When I was little, I said the Pledge of Allegiance without thinking much about it. Every morning the intercom would beep and we would all stand, place our not-yet-grubby hands over our hearts and say together those words we all know:
I pledge allegiance to the Flag
of the United States of America,
and to the Republic for which it stands:
one Nation under God, indivisible,
With Liberty and Justice for all.
I simply believed that every word I uttered was true and without question, a statement of fact, nothing problematic for anyone, anywhere.
As a teenager I went through a phase of not saying the pledge at all. As our shared American history opened up to me in surprising ways, I started focusing on the deep brokenness, the evil wrought at the hands of our ancestors and the blatant inequality that persists – rather than the promise. From the annihilation of a native people to the utter disgrace and sin of slavery to a system that favors the rich and feeds off the poor…how could I pledge allegiance to a flag that represented all of that? This was about the same time I walked away from the Baptist church for all her hypocrisy (but that’s another story).

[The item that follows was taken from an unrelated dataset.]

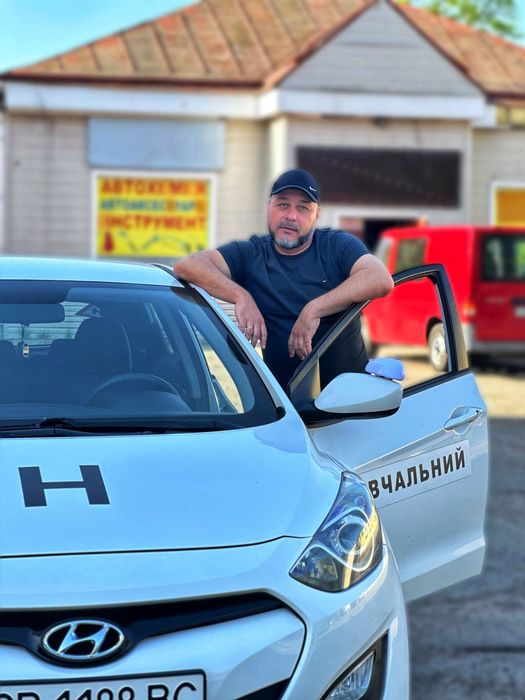 АВТОІНСТРУКТОР - Навчу впевнено керувати авто!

But something inside of me never really stopped believing in the promise, never stopped believing we are great and can be all (and so much more) than our ancestors envisioned. So I began to say the pledge again, though not not exactly as it is written. I would hold back a few words. And it’s not the whole “one Nation under God” bit where I would hesitate. It’s that closing line – “With Liberty and Justice for all.” I now say clearly “with liberty and justice for some”.

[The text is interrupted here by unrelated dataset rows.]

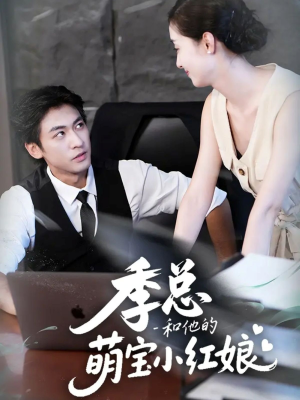 季总和他的萌宝小红娘（102集）原创精彩短剧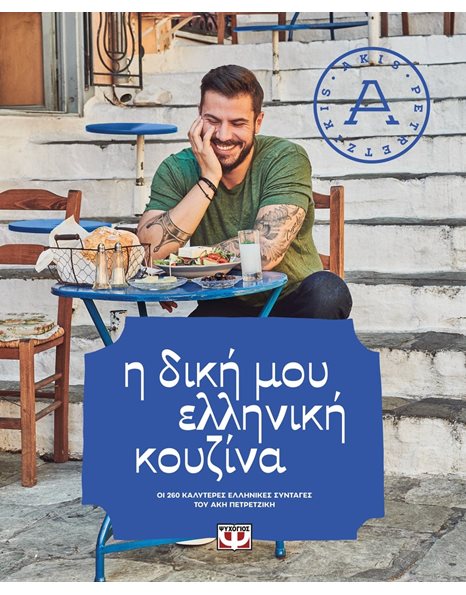 Η ΔΙΚΗ ΜΟΥ ΕΛΛΗΝΙΚΗ ΚΟΥΖΙΝΑ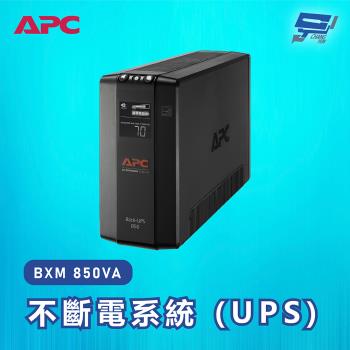 [昌運科技]APC 不斷電系統 UPS BXM 850VA 120V在線互動式 直立式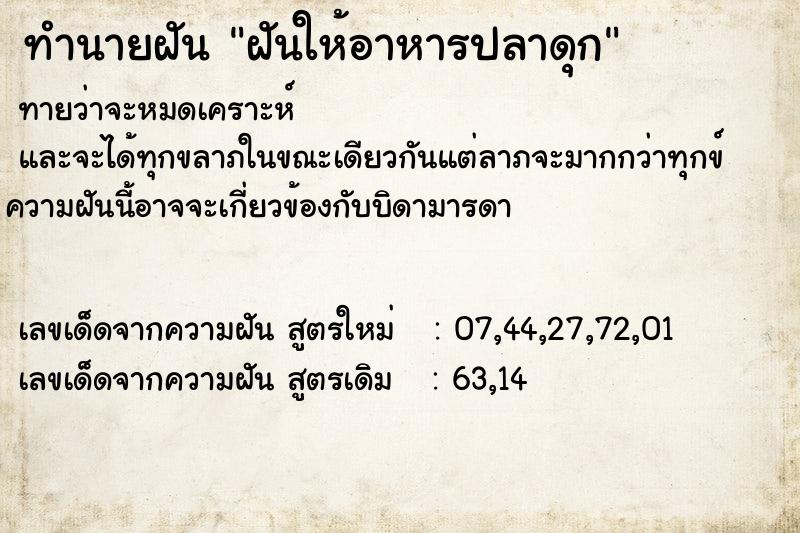 ทำนายฝันฝันให้อาหารปลาดุก ทำนายฝันทำนายฝันฝันให้อาหารปลาดุก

Once upon a time (maybe so no long ago) when I was in the midst of one of my idealistic theological tantrums, a wise pastor and dear friend told me to keep on praying even when I didn’t feel like it, when I was full of doubt. He said that in fact that was the most important time to pray. I was blathering on about not praying a prayer with a group who clearly didn’t believe the immensity of the words of grace and justice they were praying but they droned on like Jesus zombies. This wise elder gently suggested first that I get the self-righteous stick out of my tush (or the mote out of my eye, I can’t recall what he said) then he pointed me toward the power of making real with our words that which is not yet realized. He spoke of being in partnership with God in co-creating the Realm of God. Every time we pray a prayer of gratitude when we are not in fact feeling very grateful, we open our hearts to the possibility of experiencing gratitude. Every time we praise God even when we are full of frustration, anger and doubt, we are giving ourselves a chance to love and be loved even when we are not so sure there is Anyone out there loving us. And when we pray of peace on earth and goodwill toward all when we know good and damn well it ain’t so we might just be helping make it happen rather than waiting to see it happen.
It’s sorta like religion, any denomination I suppose. We are not living up to all that we can and should be but that doesn’t mean we can’t or that we shouldn’t try. We don’t have to abandon ship, we don’t even have to talk trash ALL the time though we MUST keep looking honestly at our real and often egregious faults. We can work with the beautiful mess we have and keep on prayin’, keep on sayin’ and keep on doin’ all that we can to actually live up to our promises and live into God’s promises.
What promises are you helping keep even as you doubt they can be realized?